Assignment:
Beginning with the line below that contains "Jugendliche experimentieren mit" and ending with the line that contains "Load image into", retype every line exactly. Pictures are not copied.

Data extracts:
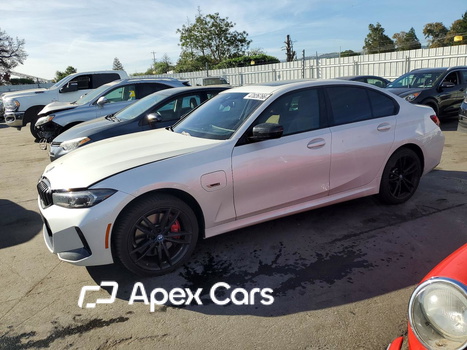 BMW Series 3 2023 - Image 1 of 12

* * *

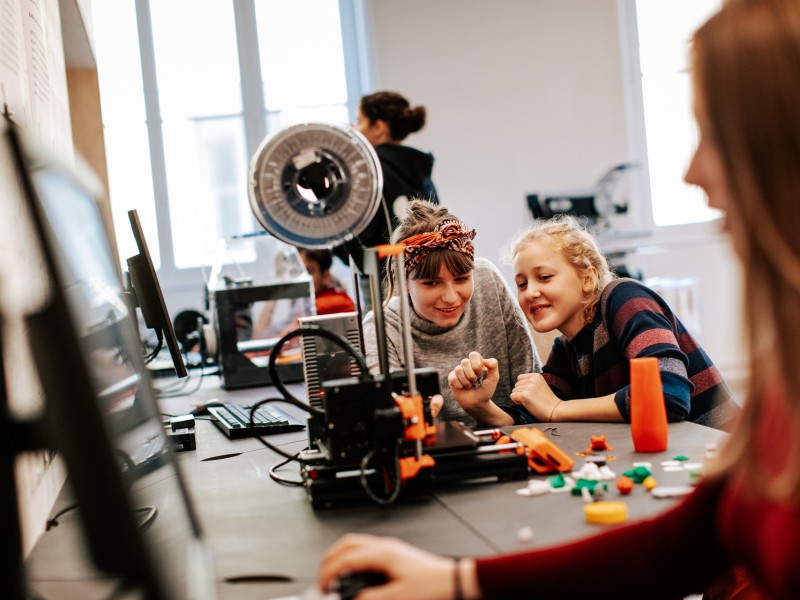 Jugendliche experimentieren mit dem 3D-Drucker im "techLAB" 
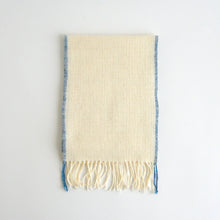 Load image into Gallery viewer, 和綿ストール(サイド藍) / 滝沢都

--

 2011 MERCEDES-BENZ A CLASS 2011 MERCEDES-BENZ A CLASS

Reply to the exercise:
 Jugendliche experimentieren mit dem 3D-Drucker im "techLAB" 
 Load image into Gallery viewer, 和綿ストール(サイド藍) / 滝沢都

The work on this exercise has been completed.